- [TASK DESCRIPTION] Only the pictures are dropped; the lines of the material that follow are returned exactly.

- [INFORMATION PROVIDED]
▼

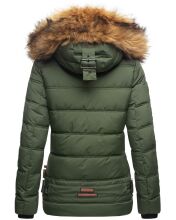 Navahoo Zoja Damen gespteppte Winterjacke gefüttert mit Teddyfell Olive Größe XS - Gr. 34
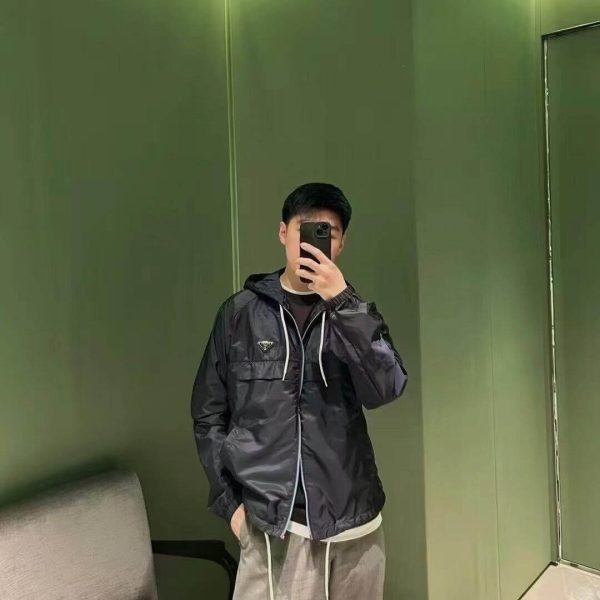 Prada Zipper Recycled Re-Nylon Hooded Jacket- Navy Blue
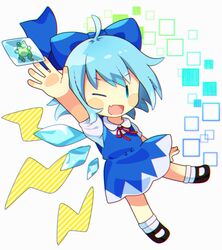  0mzum1 animal arm_up black_footwear blue_bow blue_dress blue_eyes blue_hair blush bow bowtie chibi cirno collared_shirt dress female flying frog frozen_frog hand_up ice ice_wings lightning looking_at_viewer one-hour_drawing_challenge one_eye_closed open_mouth puffy_short_sleeves puffy_sleeves red_bow red_bowtie shirt shoes short_hair short_sleeves smile socks solo square touhou white_background white_shirt white_socks wings 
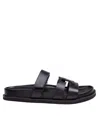 Tory Burch Sport Slide Leather Sandals In Black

▲

- [TASK SOLUTION]
 Navahoo Zoja Damen gespteppte Winterjacke gefüttert mit Teddyfell Olive Größe XS - Gr. 34
 Prada Zipper Recycled Re-Nylon Hooded Jacket- Navy Blue
  0mzum1 animal arm_up black_footwear blue_bow blue_dress blue_eyes blue_hair blush bow bowtie chibi cirno collared_shirt dress female flying frog frozen_frog hand_up ice ice_wings lightning looking_at_viewer one-hour_drawing_challenge one_eye_closed open_mouth puffy_short_sleeves puffy_sleeves red_bow red_bowtie shirt shoes short_hair short_sleeves smile socks solo square touhou white_background white_shirt white_socks wings 
 Tory Burch Sport Slide Leather Sandals In Black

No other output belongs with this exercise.